許さない事・許されない事
私たちが作成するシステムでは、色々な操作に対して検証を行うことが多々あります。機能を通して入力された値が許されるかどうか、機能を利用することが許可されているかどうか、などとその種類は非常に多くのものがあるかと思います。本来あってはいけない値が入力されることを防ぐために検証を行うのですが、場合によってはその検証の種類が膨大になりすぎ、スムーズな利用ができなくなってしまった状態に陥っているシステムを見かけることも多々あります。
元々ユーザーが求めるものは利用しやすいシステムであったはずが、ミスの防止を重要視しすぎたために、ガチガチに固められ非常にスピード感のないシステムが作り上げられてしまう事も、見かけられている方は非常に多いのではないでしょうか。本当はもっとスピーディに業務を遂行できるはずだったのに、蓋を開けると以前よりミスは減ったものの業務の進捗は逆に遅くなってしまったこともゼロではありません。
いったい何故このようなことになってしまうのでしょうか。
その大元には、ミスを極端に許さない気質があるのではないか、と私は感じています。

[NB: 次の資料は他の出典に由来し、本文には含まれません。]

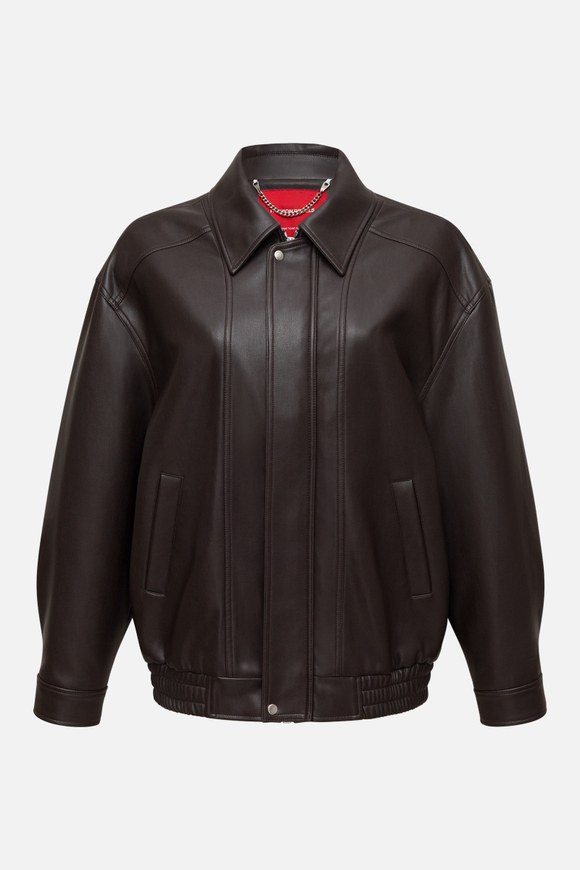 Бомбер оверсайз из экокожи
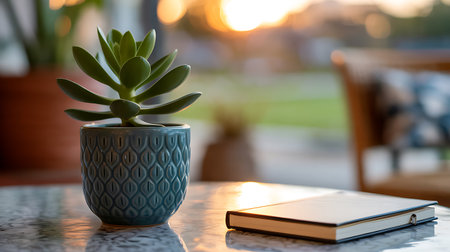 Succulent plant in a pot with a book on the tableの素材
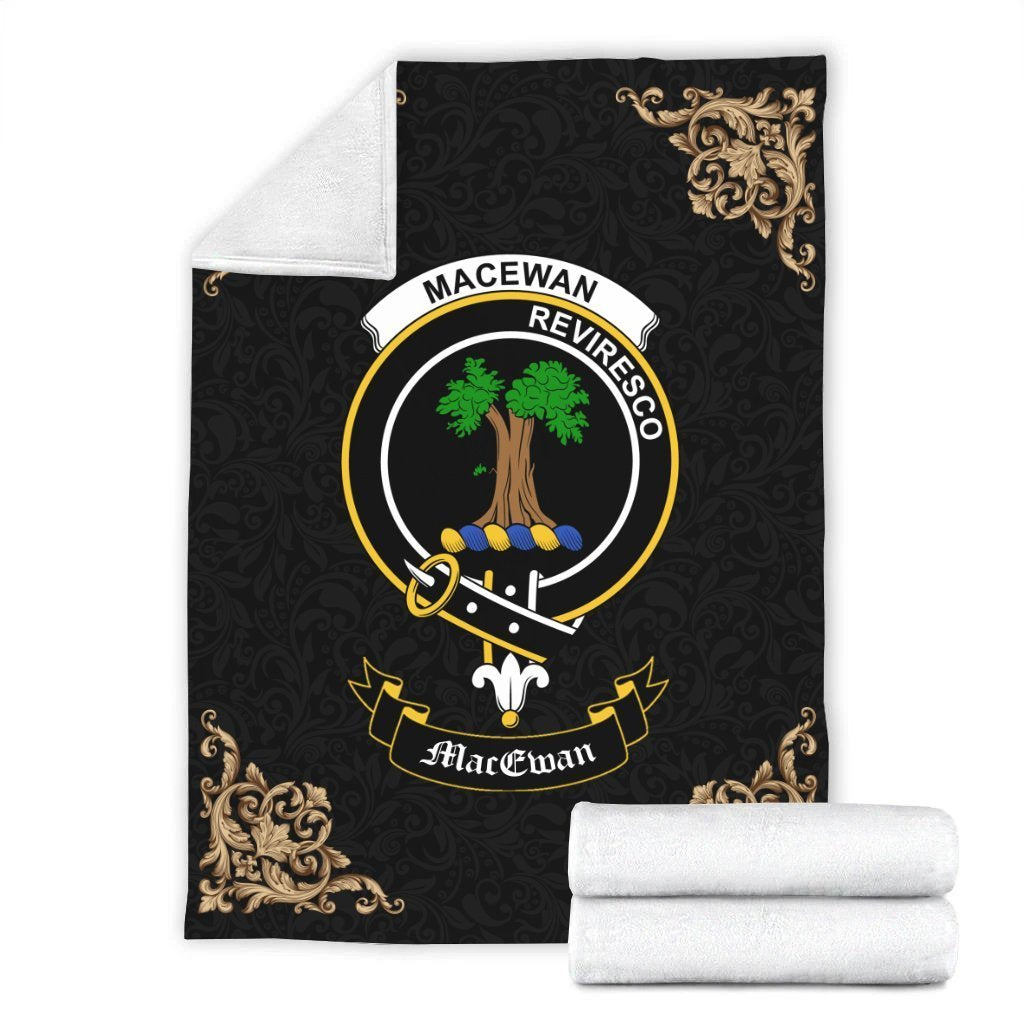 MacEwan Crest Tartan Premium Blanket Black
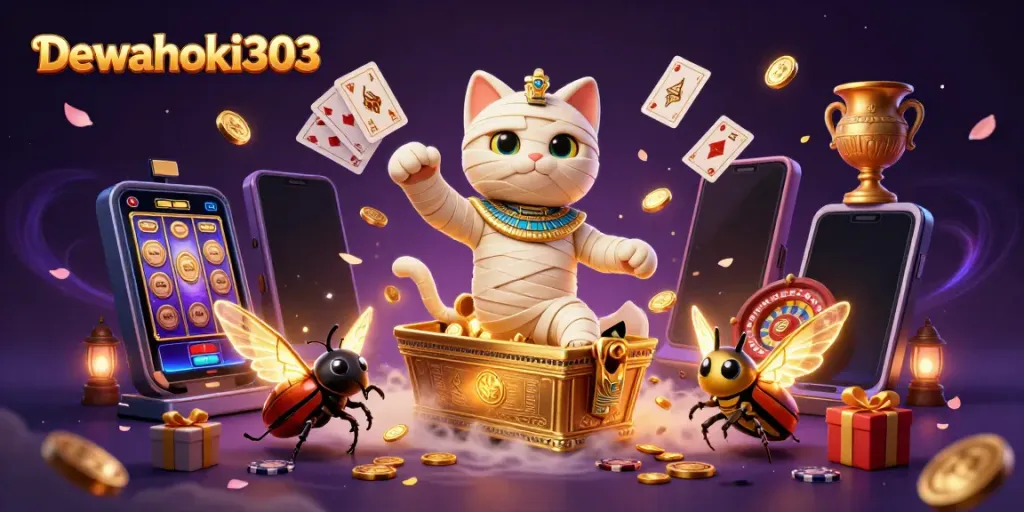Dewahoki303 menghadirkan ilustrasi kasino online menarik dengan mumi kucing Mesir dan elemen permainan slot yang menggugah semangat.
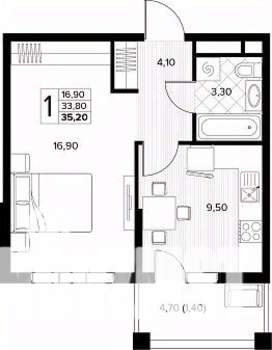 1-к квартира, строящийся дом, 35м2, 5/8 этаж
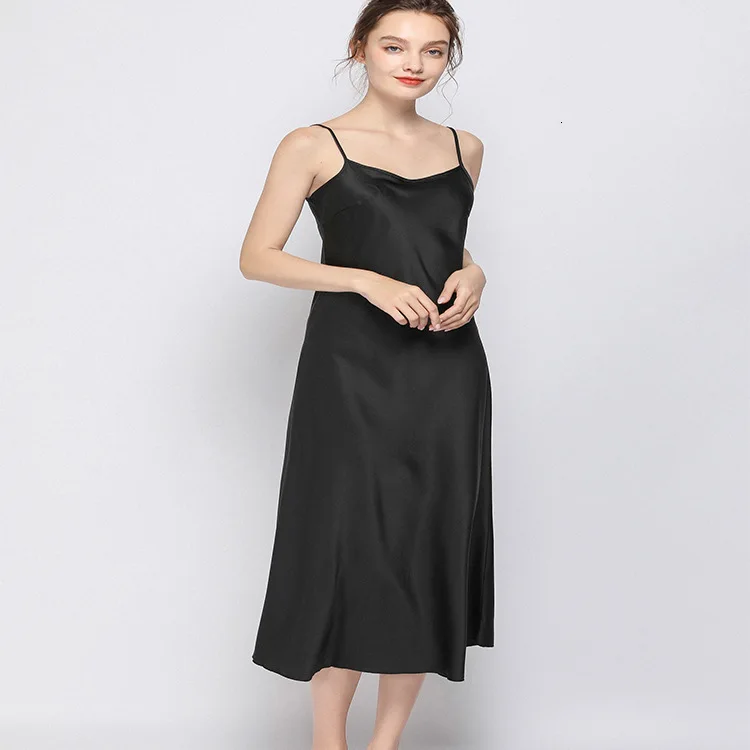 

Ночная рубашка из натурального шелка, женская летняя ночная рубашка, сексуальная пижама с круглым вырезом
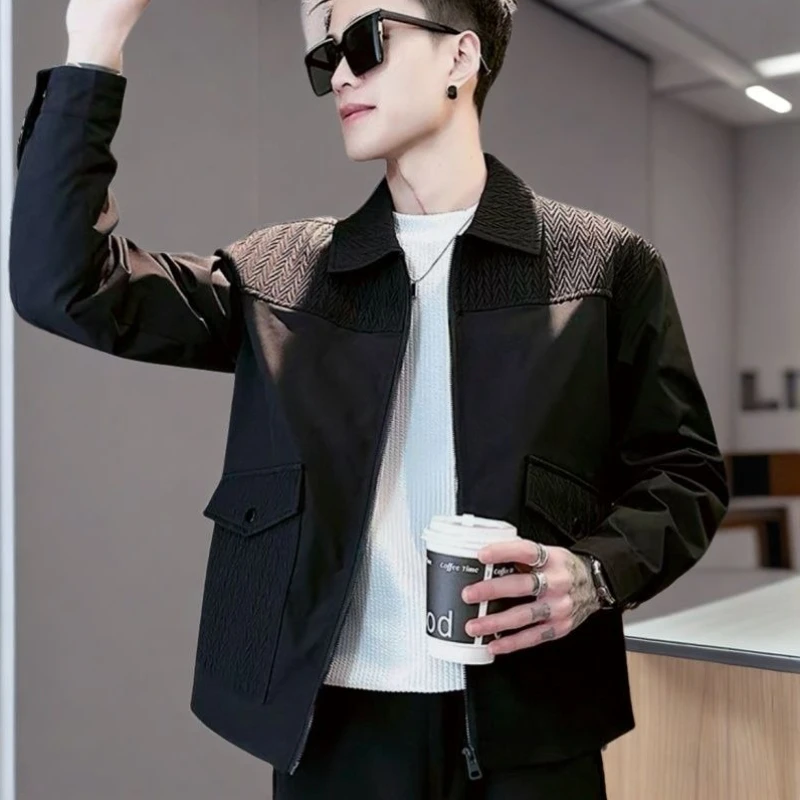 

Men's Trendy 2025 Spring Autumn Patchwork Cargo Jacket Casual Cool Rugged Fashion Outerwear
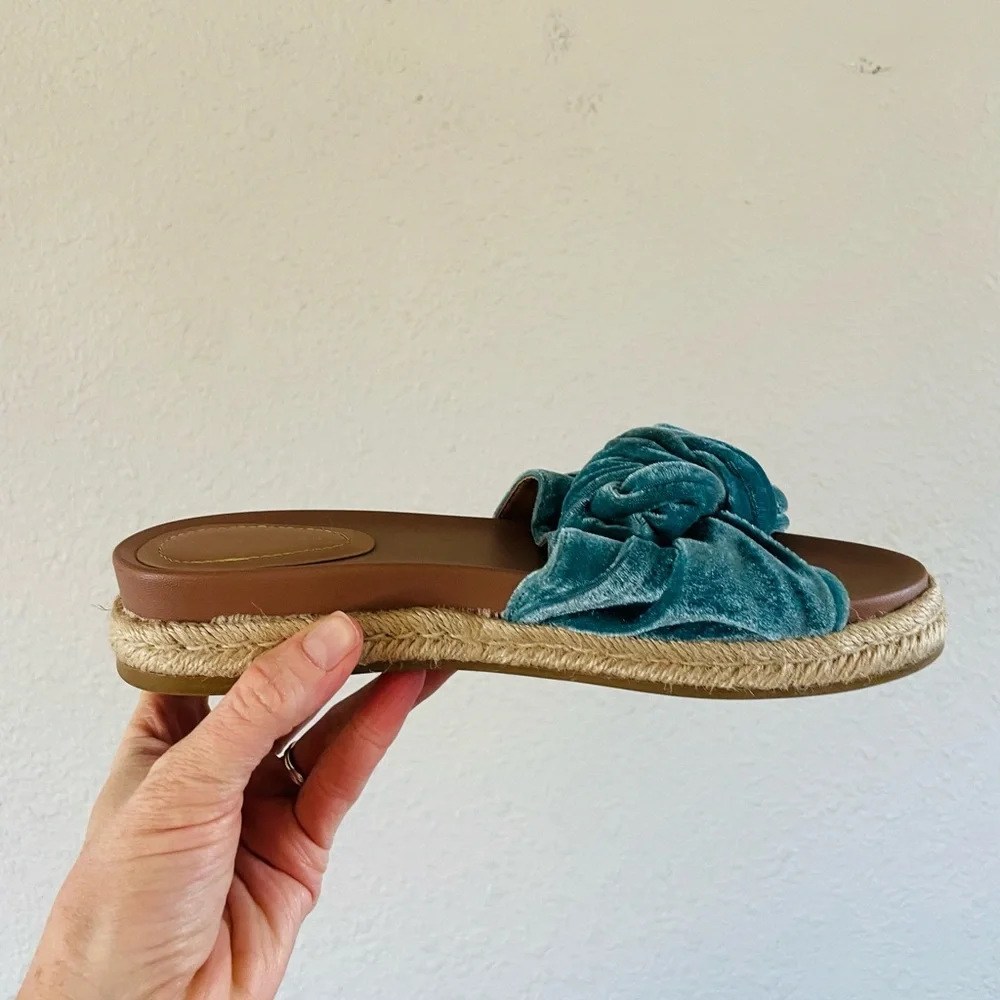 Zara Teal Velvet Knot Slide Sandals - Picture 2 of 7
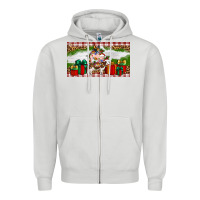 Dove Grey Stocked christmas farm Zipper Hoodie - Artiststas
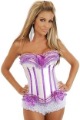 White & Purple With Vertical Stripes Cotton & Polyester Catsuits
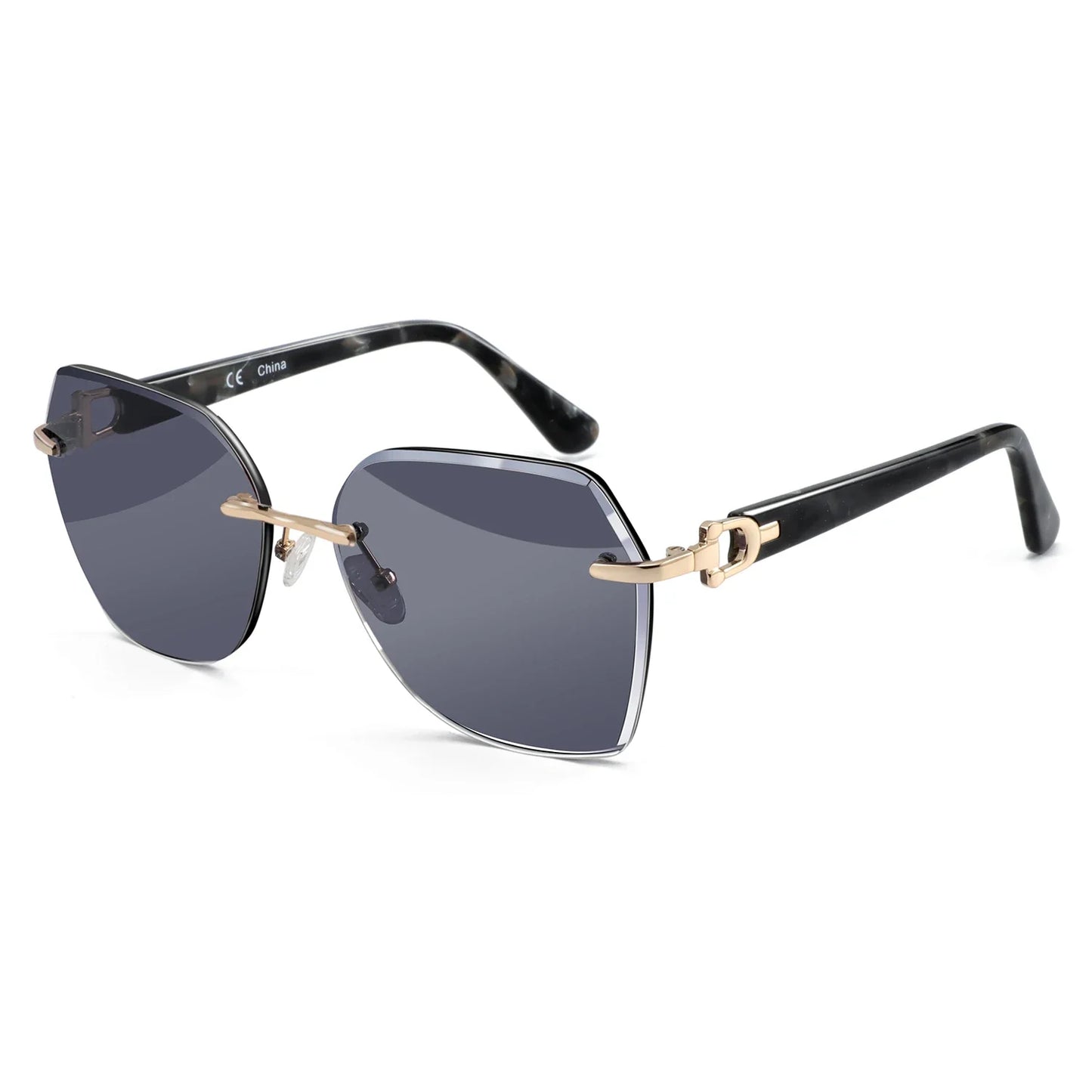 Fashion Women Rimless Sunglasses for Ladies Trendy Geometric Diamond Cutting Gradient Lens UV Protection Shades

元々日本人の気質というか風潮として、ミスは許さない、というのがあります。何かしらミスをした場合は、「何故そのようなミスをしたのか」、と問い詰めてもあまり意味のない事を詰問したり、場合によっては担当する業務から即座に外すといった、一つのミスをも許さない環境が非常に多いです。
そのような土壌が根強いこともあり、私たちが作るシステムにおいても極度にミスを許さない仕組みにすることが多いのではないでしょうか。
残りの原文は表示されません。